_Data supplied_.
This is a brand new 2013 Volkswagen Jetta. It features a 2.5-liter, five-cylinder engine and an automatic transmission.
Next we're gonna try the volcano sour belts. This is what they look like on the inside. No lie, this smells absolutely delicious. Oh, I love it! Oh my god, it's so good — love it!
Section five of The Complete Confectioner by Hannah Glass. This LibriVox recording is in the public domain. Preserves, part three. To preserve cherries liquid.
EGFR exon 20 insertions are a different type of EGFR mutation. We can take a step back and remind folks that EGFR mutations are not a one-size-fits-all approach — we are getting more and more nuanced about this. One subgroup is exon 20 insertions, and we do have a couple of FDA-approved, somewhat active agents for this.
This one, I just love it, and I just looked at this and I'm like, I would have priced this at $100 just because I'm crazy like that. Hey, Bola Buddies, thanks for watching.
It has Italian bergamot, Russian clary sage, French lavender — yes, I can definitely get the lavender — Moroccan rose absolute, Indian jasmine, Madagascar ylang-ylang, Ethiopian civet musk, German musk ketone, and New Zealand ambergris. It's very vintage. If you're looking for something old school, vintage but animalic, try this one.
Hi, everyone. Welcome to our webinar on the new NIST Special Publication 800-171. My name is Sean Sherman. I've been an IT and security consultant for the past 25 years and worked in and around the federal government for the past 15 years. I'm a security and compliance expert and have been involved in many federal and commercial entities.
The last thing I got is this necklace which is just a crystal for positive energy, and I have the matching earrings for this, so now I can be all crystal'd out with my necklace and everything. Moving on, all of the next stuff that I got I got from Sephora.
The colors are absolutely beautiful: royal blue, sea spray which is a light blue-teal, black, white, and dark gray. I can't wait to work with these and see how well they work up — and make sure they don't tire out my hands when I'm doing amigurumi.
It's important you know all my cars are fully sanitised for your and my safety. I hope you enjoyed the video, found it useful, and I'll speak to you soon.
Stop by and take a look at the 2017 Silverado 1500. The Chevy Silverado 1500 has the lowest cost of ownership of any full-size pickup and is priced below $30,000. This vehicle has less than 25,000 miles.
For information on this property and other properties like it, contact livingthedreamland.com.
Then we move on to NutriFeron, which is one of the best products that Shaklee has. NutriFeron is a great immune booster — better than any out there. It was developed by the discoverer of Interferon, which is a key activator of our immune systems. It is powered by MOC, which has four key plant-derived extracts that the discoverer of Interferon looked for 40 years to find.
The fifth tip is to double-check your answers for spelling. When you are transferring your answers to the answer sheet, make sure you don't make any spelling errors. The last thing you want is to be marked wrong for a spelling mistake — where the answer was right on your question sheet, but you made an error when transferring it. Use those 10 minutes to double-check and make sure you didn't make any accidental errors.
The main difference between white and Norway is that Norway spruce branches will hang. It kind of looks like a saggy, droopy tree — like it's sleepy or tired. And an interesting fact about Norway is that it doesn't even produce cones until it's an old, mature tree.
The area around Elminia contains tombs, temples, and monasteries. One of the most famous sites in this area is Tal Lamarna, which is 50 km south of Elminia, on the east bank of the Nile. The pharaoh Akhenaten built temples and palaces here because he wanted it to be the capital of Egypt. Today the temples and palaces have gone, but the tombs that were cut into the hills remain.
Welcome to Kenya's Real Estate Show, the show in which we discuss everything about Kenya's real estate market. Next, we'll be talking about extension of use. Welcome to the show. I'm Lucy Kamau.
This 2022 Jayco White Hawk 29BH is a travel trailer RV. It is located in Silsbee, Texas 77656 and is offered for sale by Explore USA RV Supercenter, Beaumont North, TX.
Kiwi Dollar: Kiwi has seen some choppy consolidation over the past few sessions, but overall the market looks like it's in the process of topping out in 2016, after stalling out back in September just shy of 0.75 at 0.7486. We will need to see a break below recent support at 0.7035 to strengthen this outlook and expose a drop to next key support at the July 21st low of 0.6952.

_Exercise_. Quote the data above from the line containing "It has Italian" to the line containing "Hi, everyone. Welcome", inclusive, and stop.

_Answer to the problem_.
It has Italian bergamot, Russian clary sage, French lavender — yes, I can definitely get the lavender — Moroccan rose absolute, Indian jasmine, Madagascar ylang-ylang, Ethiopian civet musk, German musk ketone, and New Zealand ambergris. It's very vintage. If you're looking for something old school, vintage but animalic, try this one.
Hi, everyone. Welcome to our webinar on the new NIST Special Publication 800-171. My name is Sean Sherman. I've been an IT and security consultant for the past 25 years and worked in and around the federal government for the past 15 years. I'm a security and compliance expert and have been involved in many federal and commercial entities.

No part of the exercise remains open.